## Your goal:
Exactly the lines from the one containing "Up to space" through the one containing "2021 Hyundai Verna" in the listing below are to be copied, with the pictures left out.
(Task data begins)
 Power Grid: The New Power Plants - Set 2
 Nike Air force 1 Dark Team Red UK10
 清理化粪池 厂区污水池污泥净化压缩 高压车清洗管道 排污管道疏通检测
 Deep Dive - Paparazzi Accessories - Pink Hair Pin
(Task data ends)
(Task data begins)
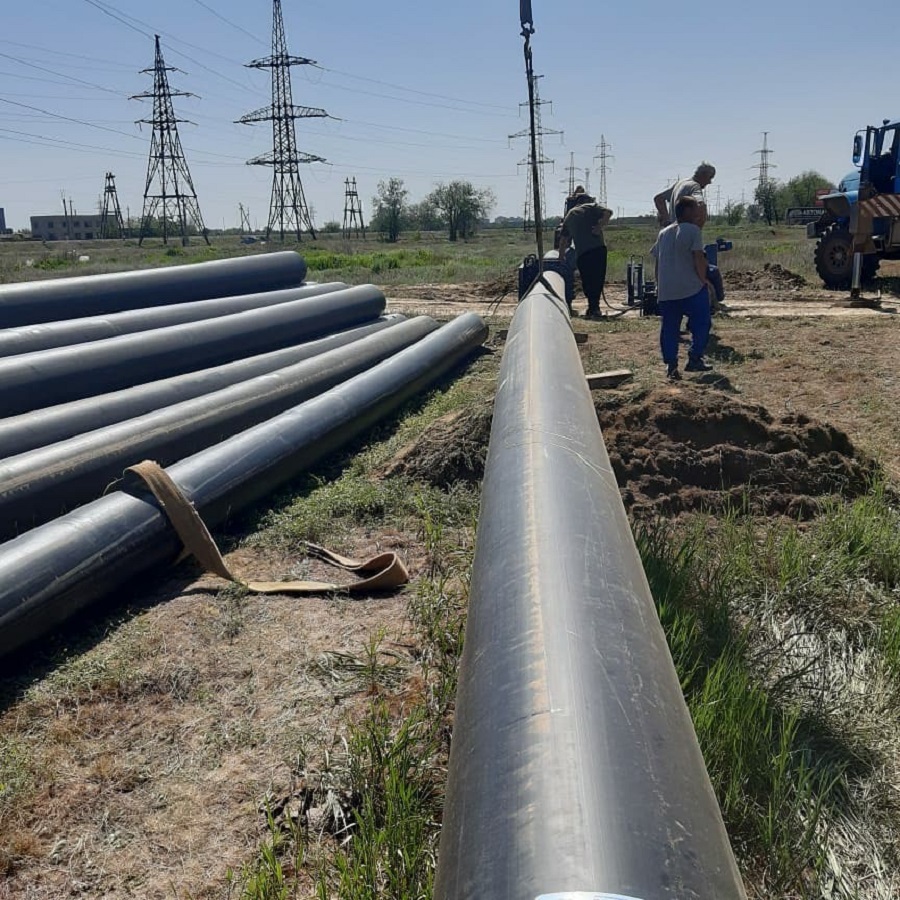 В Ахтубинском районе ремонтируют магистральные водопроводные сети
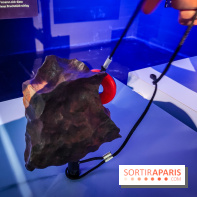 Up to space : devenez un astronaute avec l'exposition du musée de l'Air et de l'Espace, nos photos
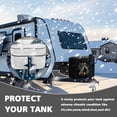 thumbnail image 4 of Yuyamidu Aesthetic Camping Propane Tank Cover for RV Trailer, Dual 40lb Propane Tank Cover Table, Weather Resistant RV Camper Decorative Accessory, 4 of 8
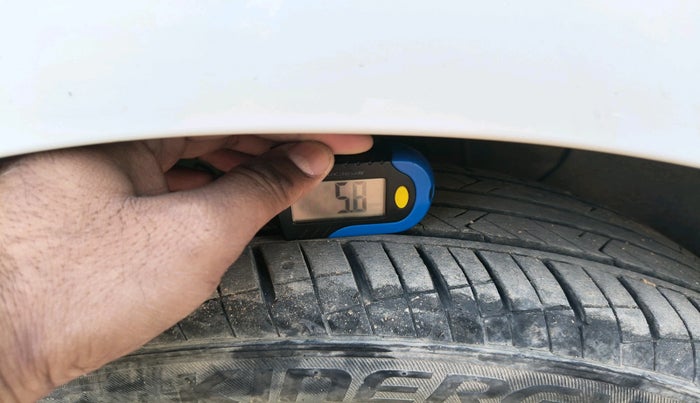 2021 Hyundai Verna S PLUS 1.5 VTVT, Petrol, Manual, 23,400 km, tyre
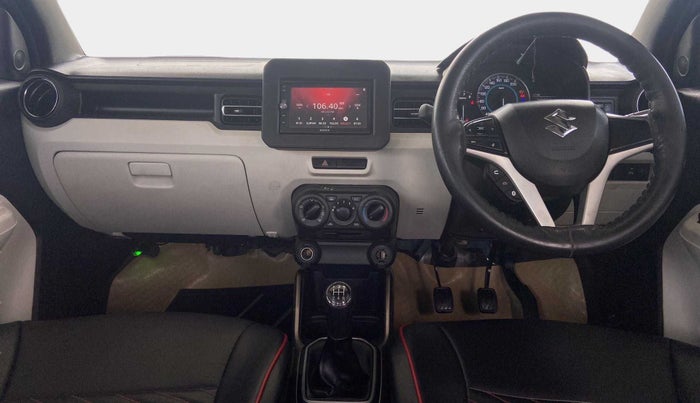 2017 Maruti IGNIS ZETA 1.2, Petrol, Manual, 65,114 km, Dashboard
(Task data ends)
## Exercise answer:
 Up to space : devenez un astronaute avec l'exposition du musée de l'Air et de l'Espace, nos photos
 thumbnail image 4 of Yuyamidu Aesthetic Camping Propane Tank Cover for RV Trailer, Dual 40lb Propane Tank Cover Table, Weather Resistant RV Camper Decorative Accessory, 4 of 8
 2021 Hyundai Verna S PLUS 1.5 VTVT, Petrol, Manual, 23,400 km, tyre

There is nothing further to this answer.